Food Shelter Predictor


Team Members

The Context and Problem

ML Research        

        Constraint Satisfaction Problem

        Decision Trees

        Clustering

        Graphical Modeling

        Research Papers

                Combination of Time Series, Decision Tree and Clustering

                Hybrid between a Decision Tree and a Neuro-Fuzzy system

Solution Approach

        Implementation

Results

        Minimum Specs

        Database Statistics

        Machine Learning Statistics

        Query Requests Speed

Conclusion

        Future Work

Bibliography

Team Members

Nassim Amar        Nevan Wichers            Bianca Flaidar

Source Link: https://github.com/namar0x0309/FoodShelterPredict                         

The Context and Problem

        We have developed this project by using existing databases that contain information about different food banks / shelters. This information that is volunteered by a food bank is collected in a database application (https://github.com/zenev/ClientcardFB3). Food shelters/banks gather data regarding donors and clients (households in need). Their interest is to manage their resources and anticipate volume.

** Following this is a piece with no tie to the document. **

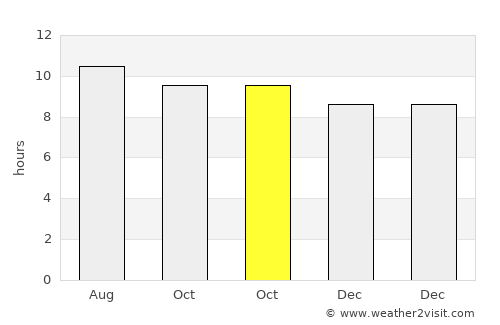 Bokaa average rain in October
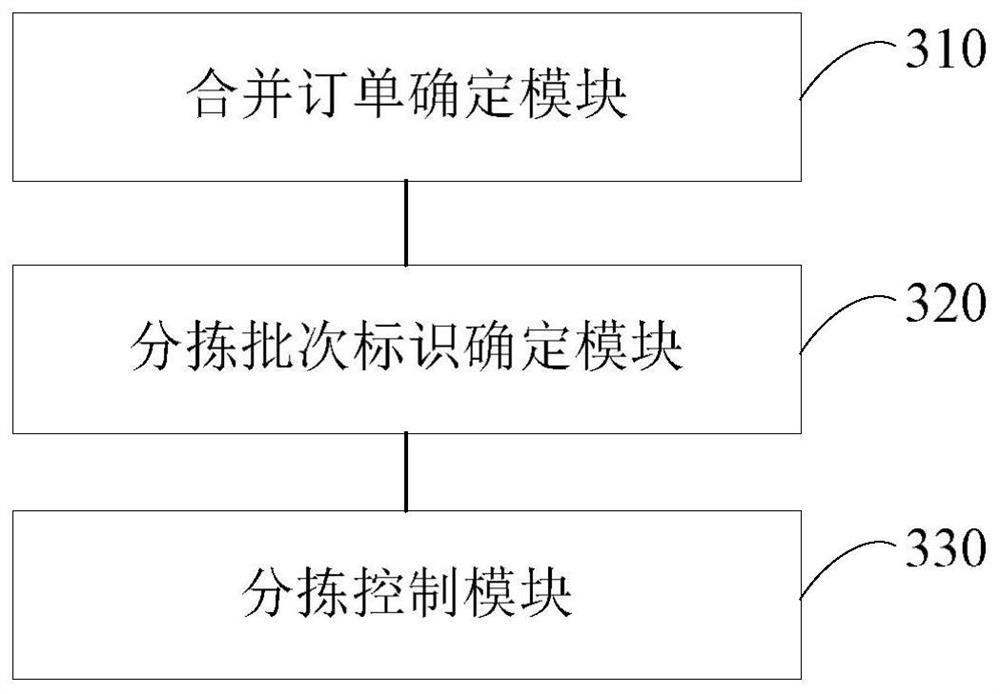 Processing method, device, system, equipment and storage medium for logistics sorting information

The problem is that food shelters have to manage or anticipate different variables. Ideal for them would be to easily predict food availability, donations, and the volume or influx of clients. The multivariable nature of this situation is what makes machine learning perfectly suited to solve and predict these resource flows for the food shelters. Use of AI could ultimately result in a more efficient distribution of food/aid packages.

The Data

ML Research

        Constraint Satisfaction Problem (CSP)

CSP refers to finding a solution to a set of constraints that variables must satisfy usually using some form of backtrack search. CSPs look like constraint graphs where the nodes of the graph are variables and the arcs are constraints. However, we got stuck trying to visualize the data that we have as what seemed like a non-flexible, standard pattern model. We found decision trees more capable of dealing with noisy data.

        Decision Trees

Decisions Trees are useful to our project because we want to have an algorithm that applies well to our data which is very much like a set of attributes to build decision trends on. Shelters can then predict those trends which will help them manage their resources better. This doesn’t necessarily have to be limited to shelters - donors and households may want to better find shelters suited for their needs. Using the data we have - rather than modeling constraints, we found it easier to visualize a model of decisions and chance event outcomes.

        Clustering

We like clustering because the unsupervised learning algorithm that separates data into clusters of similar data points applies well to this project in regards to when donors donate, geographic areas, demographics of households in need.

Graphical modeling

We looked at how data can be modeled as a joint probability distribution to extract decision trees from.

        Research Papers

After brainstorming different solutions to our project and deciding to go explore decision trees for our project, we started looking at more concrete solutions from research texts and narrowed down our research to these two papers:

        Combination of Time Series, Decision Tree and Clustering

        This is the research that we are interested in and building up on the most. Our data is related to the time events take place (particularly the time of donations). The paper is an example of a predictive system that uses a time series -  a sequence of values that are recorded as equal time intervals. Time series models can predict next time series parameters value and we found that interesting for predicting times of donation events where our time intervals can be months. For a real world application like this, we don’t want to predict the exact time that an event will occur - we want to predict that an event will occur within a time interval.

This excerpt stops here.